= Exercise goal =
Copy the records exactly. Include every line.

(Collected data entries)

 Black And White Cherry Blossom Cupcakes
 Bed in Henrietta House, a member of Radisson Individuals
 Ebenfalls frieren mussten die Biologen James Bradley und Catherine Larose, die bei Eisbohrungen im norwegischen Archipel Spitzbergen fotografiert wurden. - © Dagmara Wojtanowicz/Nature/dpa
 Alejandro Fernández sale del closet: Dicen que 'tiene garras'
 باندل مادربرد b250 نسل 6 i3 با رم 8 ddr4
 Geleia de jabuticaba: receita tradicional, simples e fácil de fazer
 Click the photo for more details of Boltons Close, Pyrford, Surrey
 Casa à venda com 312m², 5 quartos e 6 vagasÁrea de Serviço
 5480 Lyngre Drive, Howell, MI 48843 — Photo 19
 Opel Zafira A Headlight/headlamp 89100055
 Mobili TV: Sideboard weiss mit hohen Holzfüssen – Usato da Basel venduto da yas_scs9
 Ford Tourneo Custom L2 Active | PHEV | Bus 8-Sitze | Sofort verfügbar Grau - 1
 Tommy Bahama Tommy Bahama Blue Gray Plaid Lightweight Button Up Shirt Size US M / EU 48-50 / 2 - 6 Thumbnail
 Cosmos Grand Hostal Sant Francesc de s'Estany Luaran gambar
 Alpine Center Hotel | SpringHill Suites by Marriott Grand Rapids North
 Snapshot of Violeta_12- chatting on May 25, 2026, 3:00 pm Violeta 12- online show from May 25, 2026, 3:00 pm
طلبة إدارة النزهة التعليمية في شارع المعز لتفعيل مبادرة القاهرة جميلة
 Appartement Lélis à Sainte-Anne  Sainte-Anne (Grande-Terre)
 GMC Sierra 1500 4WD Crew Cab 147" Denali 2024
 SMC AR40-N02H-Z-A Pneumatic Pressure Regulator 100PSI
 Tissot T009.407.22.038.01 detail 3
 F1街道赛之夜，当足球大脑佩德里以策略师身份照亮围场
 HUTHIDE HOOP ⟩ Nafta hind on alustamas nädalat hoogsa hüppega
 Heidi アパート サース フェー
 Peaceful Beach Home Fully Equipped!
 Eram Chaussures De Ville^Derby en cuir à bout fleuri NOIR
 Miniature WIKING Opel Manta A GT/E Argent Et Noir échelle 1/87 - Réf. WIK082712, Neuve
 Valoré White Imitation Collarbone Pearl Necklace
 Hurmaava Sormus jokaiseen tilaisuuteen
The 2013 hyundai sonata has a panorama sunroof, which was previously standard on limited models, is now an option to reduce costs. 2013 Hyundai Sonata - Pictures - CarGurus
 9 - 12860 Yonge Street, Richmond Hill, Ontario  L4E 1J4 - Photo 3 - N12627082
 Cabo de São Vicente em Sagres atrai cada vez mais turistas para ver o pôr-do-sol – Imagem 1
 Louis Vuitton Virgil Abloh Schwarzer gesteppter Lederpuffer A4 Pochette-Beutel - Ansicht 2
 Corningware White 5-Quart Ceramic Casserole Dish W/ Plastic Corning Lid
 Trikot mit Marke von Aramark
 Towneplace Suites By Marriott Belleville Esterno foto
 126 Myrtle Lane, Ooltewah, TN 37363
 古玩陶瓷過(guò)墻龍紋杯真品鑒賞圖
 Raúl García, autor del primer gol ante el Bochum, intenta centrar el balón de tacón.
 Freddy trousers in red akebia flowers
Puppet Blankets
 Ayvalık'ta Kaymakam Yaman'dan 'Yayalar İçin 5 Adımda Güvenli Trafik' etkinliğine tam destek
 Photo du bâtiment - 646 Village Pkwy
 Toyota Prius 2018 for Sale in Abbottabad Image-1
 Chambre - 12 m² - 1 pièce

= Solution below =
 Black And White Cherry Blossom Cupcakes
 Bed in Henrietta House, a member of Radisson Individuals
 Ebenfalls frieren mussten die Biologen James Bradley und Catherine Larose, die bei Eisbohrungen im norwegischen Archipel Spitzbergen fotografiert wurden. - © Dagmara Wojtanowicz/Nature/dpa
 Alejandro Fernández sale del closet: Dicen que 'tiene garras'
 باندل مادربرد b250 نسل 6 i3 با رم 8 ddr4
 Geleia de jabuticaba: receita tradicional, simples e fácil de fazer
 Click the photo for more details of Boltons Close, Pyrford, Surrey
 Casa à venda com 312m², 5 quartos e 6 vagasÁrea de Serviço
 5480 Lyngre Drive, Howell, MI 48843 — Photo 19
 Opel Zafira A Headlight/headlamp 89100055
 Mobili TV: Sideboard weiss mit hohen Holzfüssen – Usato da Basel venduto da yas_scs9
 Ford Tourneo Custom L2 Active | PHEV | Bus 8-Sitze | Sofort verfügbar Grau - 1
 Tommy Bahama Tommy Bahama Blue Gray Plaid Lightweight Button Up Shirt Size US M / EU 48-50 / 2 - 6 Thumbnail
 Cosmos Grand Hostal Sant Francesc de s'Estany Luaran gambar
 Alpine Center Hotel | SpringHill Suites by Marriott Grand Rapids North
 Snapshot of Violeta_12- chatting on May 25, 2026, 3:00 pm Violeta 12- online show from May 25, 2026, 3:00 pm
طلبة إدارة النزهة التعليمية في شارع المعز لتفعيل مبادرة القاهرة جميلة
 Appartement Lélis à Sainte-Anne  Sainte-Anne (Grande-Terre)
 GMC Sierra 1500 4WD Crew Cab 147" Denali 2024
 SMC AR40-N02H-Z-A Pneumatic Pressure Regulator 100PSI
 Tissot T009.407.22.038.01 detail 3
 F1街道赛之夜，当足球大脑佩德里以策略师身份照亮围场
 HUTHIDE HOOP ⟩ Nafta hind on alustamas nädalat hoogsa hüppega
 Heidi アパート サース フェー
 Peaceful Beach Home Fully Equipped!
 Eram Chaussures De Ville^Derby en cuir à bout fleuri NOIR
 Miniature WIKING Opel Manta A GT/E Argent Et Noir échelle 1/87 - Réf. WIK082712, Neuve
 Valoré White Imitation Collarbone Pearl Necklace
 Hurmaava Sormus jokaiseen tilaisuuteen
The 2013 hyundai sonata has a panorama sunroof, which was previously standard on limited models, is now an option to reduce costs. 2013 Hyundai Sonata - Pictures - CarGurus
 9 - 12860 Yonge Street, Richmond Hill, Ontario  L4E 1J4 - Photo 3 - N12627082
 Cabo de São Vicente em Sagres atrai cada vez mais turistas para ver o pôr-do-sol – Imagem 1
 Louis Vuitton Virgil Abloh Schwarzer gesteppter Lederpuffer A4 Pochette-Beutel - Ansicht 2
 Corningware White 5-Quart Ceramic Casserole Dish W/ Plastic Corning Lid
 Trikot mit Marke von Aramark
 Towneplace Suites By Marriott Belleville Esterno foto
 126 Myrtle Lane, Ooltewah, TN 37363
 古玩陶瓷過(guò)墻龍紋杯真品鑒賞圖
 Raúl García, autor del primer gol ante el Bochum, intenta centrar el balón de tacón.
 Freddy trousers in red akebia flowers
Puppet Blankets
 Ayvalık'ta Kaymakam Yaman'dan 'Yayalar İçin 5 Adımda Güvenli Trafik' etkinliğine tam destek
 Photo du bâtiment - 646 Village Pkwy
 Toyota Prius 2018 for Sale in Abbottabad Image-1
 Chambre - 12 m² - 1 pièce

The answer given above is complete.